### EXERCISE:
In the entries below, find the line with "COBALT NECKLACE" and the line with "Resep Bekal Anak: Ayam"; give again those lines and every line between them, exactly.

━━━━

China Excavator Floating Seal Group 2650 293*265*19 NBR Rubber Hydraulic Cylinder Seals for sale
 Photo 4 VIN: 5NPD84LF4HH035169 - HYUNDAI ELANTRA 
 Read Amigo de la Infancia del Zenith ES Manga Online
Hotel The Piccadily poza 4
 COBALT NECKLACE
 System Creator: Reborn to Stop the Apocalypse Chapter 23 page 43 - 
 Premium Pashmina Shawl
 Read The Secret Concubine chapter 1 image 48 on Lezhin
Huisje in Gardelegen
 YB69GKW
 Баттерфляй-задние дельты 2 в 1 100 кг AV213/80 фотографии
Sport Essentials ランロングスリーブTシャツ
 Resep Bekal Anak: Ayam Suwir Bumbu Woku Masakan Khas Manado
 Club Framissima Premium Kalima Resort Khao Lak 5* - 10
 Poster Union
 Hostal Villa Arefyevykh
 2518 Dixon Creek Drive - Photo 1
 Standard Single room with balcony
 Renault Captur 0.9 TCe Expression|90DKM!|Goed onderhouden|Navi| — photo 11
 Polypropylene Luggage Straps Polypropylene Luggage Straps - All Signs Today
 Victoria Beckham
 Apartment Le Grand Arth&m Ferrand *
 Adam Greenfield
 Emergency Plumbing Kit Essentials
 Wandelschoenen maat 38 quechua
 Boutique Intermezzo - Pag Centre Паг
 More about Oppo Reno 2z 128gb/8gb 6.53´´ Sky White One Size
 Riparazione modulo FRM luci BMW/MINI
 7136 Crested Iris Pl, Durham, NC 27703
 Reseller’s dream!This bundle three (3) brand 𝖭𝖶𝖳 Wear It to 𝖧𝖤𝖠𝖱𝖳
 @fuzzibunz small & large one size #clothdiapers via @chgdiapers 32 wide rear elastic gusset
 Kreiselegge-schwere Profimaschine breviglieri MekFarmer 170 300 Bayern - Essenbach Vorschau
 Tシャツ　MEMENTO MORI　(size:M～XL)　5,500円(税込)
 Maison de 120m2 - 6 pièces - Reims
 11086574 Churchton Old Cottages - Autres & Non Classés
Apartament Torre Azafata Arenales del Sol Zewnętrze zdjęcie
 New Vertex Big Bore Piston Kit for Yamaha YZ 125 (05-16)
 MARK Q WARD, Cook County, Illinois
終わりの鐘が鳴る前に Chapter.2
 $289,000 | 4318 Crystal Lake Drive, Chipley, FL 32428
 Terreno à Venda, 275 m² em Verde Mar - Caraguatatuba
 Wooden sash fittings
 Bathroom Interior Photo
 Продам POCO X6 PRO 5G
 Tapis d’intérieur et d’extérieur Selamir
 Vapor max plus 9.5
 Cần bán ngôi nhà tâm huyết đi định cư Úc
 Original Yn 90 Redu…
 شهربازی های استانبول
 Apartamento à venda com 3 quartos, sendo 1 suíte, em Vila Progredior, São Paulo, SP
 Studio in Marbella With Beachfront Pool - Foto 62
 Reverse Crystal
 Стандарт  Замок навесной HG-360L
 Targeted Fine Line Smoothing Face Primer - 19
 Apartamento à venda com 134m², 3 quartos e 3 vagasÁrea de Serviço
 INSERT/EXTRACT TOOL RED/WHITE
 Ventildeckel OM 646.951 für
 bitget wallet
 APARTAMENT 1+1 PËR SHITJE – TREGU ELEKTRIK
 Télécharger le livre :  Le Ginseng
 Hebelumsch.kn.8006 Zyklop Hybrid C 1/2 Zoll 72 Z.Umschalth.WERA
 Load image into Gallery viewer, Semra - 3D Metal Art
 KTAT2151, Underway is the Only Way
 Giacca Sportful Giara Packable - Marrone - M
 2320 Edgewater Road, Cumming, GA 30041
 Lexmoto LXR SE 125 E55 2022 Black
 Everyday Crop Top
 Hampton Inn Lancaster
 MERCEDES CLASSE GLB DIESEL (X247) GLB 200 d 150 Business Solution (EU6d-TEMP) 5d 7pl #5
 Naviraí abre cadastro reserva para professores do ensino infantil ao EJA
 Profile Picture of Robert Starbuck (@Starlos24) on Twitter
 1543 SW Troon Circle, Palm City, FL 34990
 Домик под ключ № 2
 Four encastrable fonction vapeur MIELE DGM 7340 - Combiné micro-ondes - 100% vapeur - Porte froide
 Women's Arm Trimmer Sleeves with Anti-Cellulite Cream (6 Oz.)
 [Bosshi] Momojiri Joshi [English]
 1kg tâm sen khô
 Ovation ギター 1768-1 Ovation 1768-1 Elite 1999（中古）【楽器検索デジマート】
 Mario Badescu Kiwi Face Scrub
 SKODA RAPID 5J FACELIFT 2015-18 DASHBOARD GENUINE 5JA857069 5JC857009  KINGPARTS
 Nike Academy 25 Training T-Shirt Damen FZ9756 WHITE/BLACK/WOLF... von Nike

━━━━

### THE COMPLETED TASK:
 COBALT NECKLACE
 System Creator: Reborn to Stop the Apocalypse Chapter 23 page 43 - 
 Premium Pashmina Shawl
 Read The Secret Concubine chapter 1 image 48 on Lezhin
Huisje in Gardelegen
 YB69GKW
 Баттерфляй-задние дельты 2 в 1 100 кг AV213/80 фотографии
Sport Essentials ランロングスリーブTシャツ
 Resep Bekal Anak: Ayam Suwir Bumbu Woku Masakan Khas Manado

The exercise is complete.